■ TRY IT ■
Repeat exactly the lines that run from the start of the records below to the line with "Kastar Battery Dual", including both of those lines but not the pictures.

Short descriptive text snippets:
[Start of Attachment]

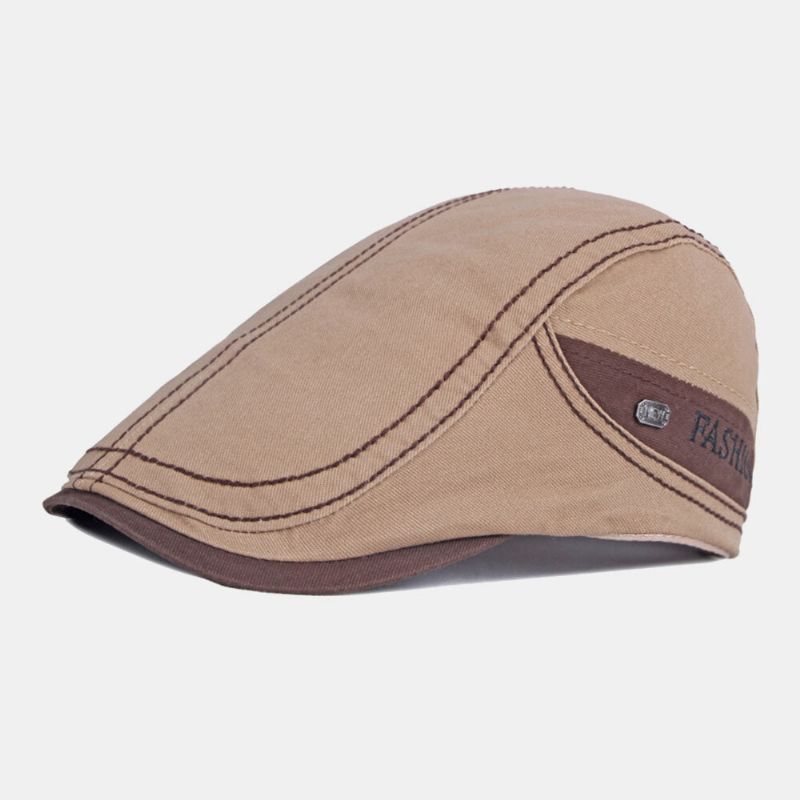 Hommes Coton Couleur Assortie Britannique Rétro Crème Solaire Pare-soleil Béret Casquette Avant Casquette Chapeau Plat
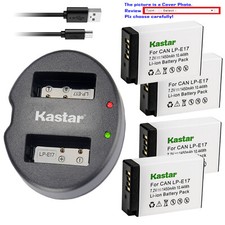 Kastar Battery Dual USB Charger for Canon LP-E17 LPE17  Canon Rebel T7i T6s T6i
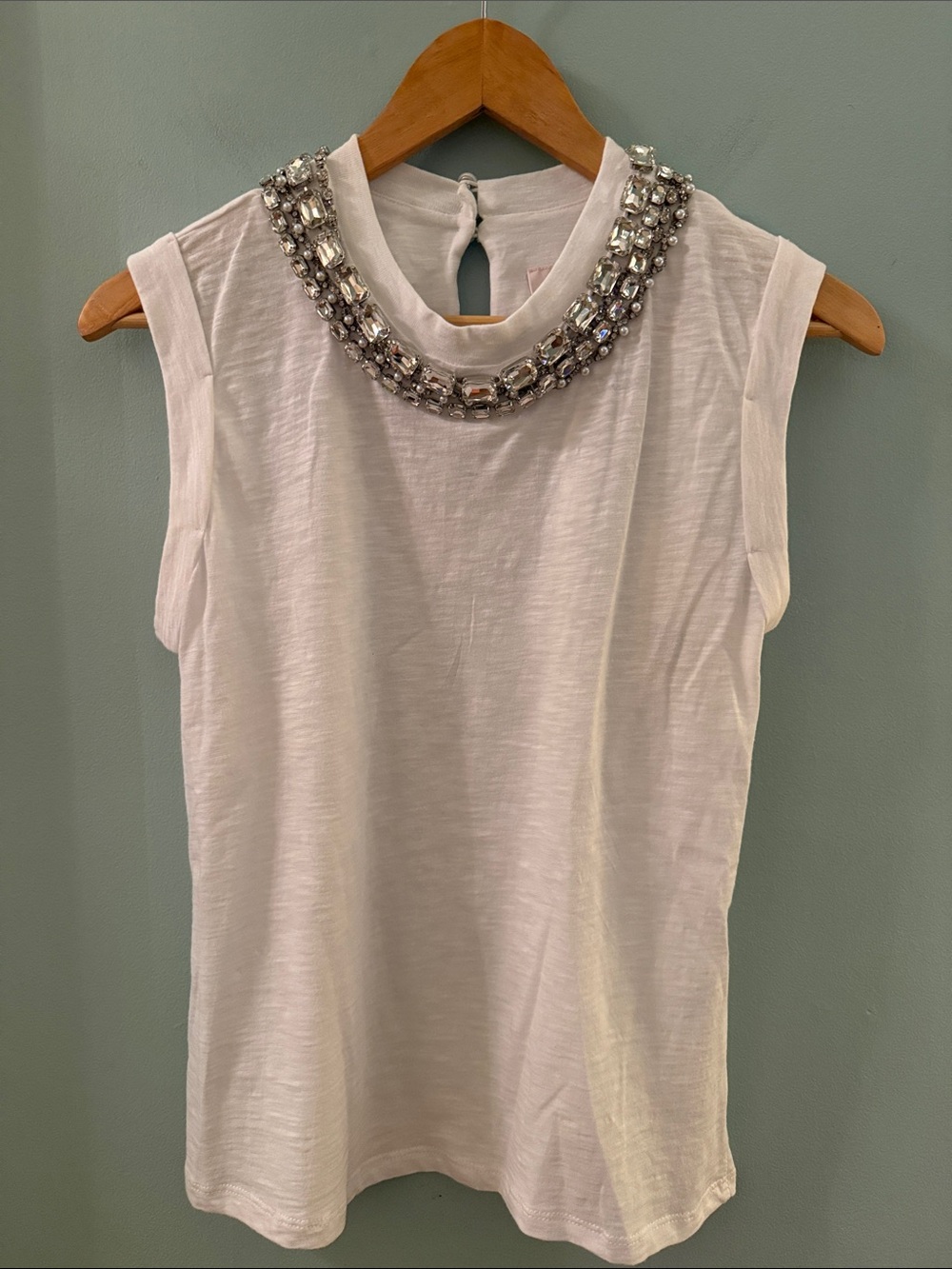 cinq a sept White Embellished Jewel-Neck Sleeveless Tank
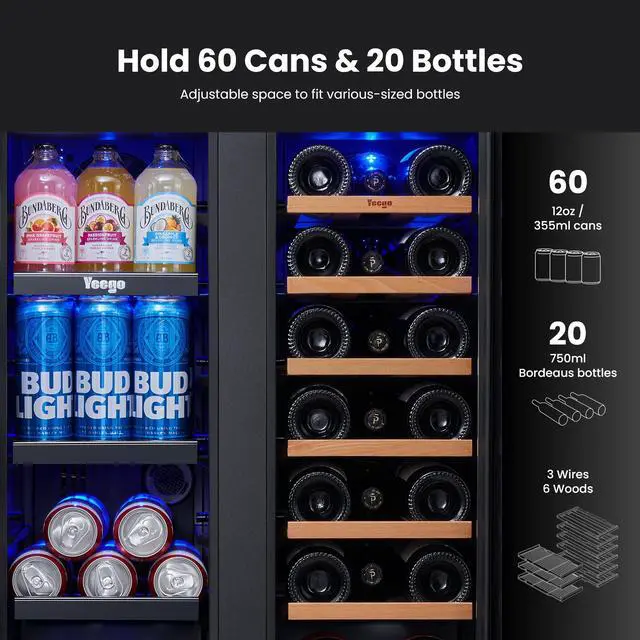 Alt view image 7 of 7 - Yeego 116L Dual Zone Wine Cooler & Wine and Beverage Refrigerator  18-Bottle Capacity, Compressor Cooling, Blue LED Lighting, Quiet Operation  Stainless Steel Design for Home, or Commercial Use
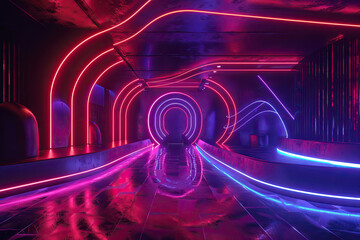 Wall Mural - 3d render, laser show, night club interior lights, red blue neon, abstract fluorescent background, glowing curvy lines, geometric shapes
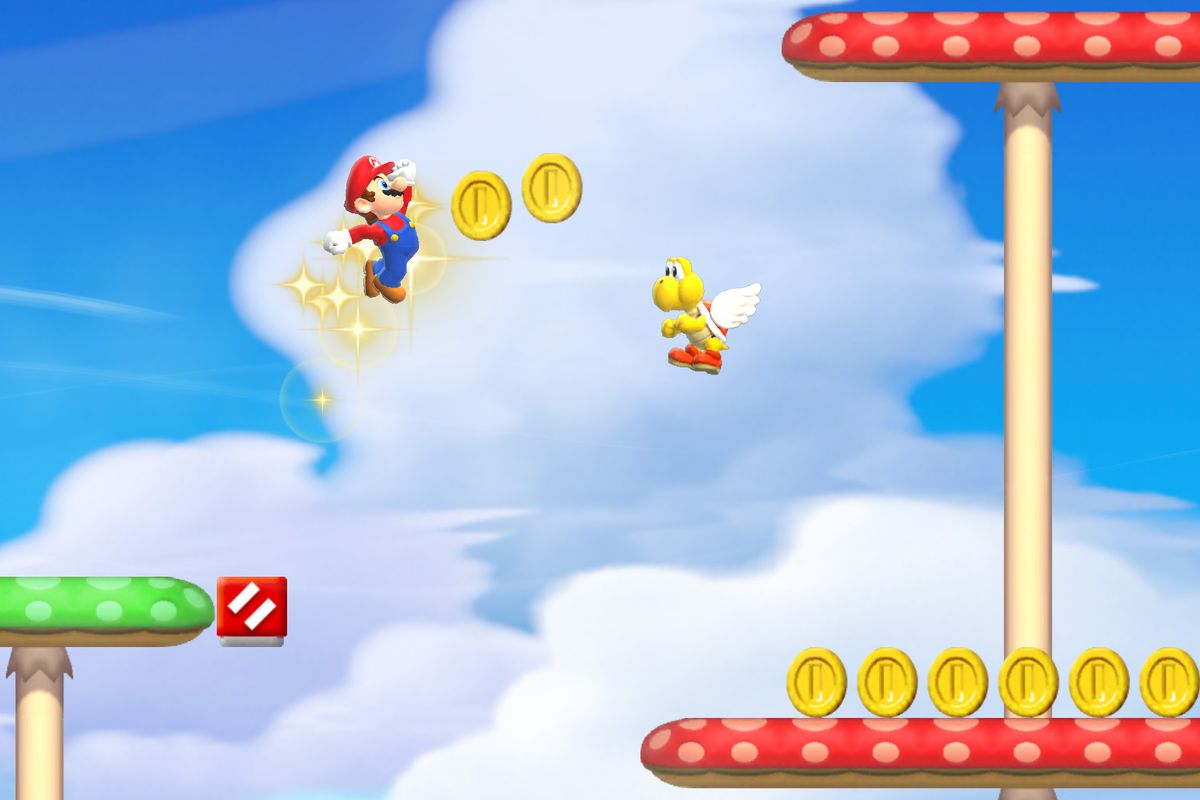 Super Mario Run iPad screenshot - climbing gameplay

[End of Attachment]

■ OUTPUT OF THE EXERCISE ■
 Hommes Coton Couleur Assortie Britannique Rétro Crème Solaire Pare-soleil Béret Casquette Avant Casquette Chapeau Plat
 Kastar Battery Dual USB Charger for Canon LP-E17 LPE17  Canon Rebel T7i T6s T6i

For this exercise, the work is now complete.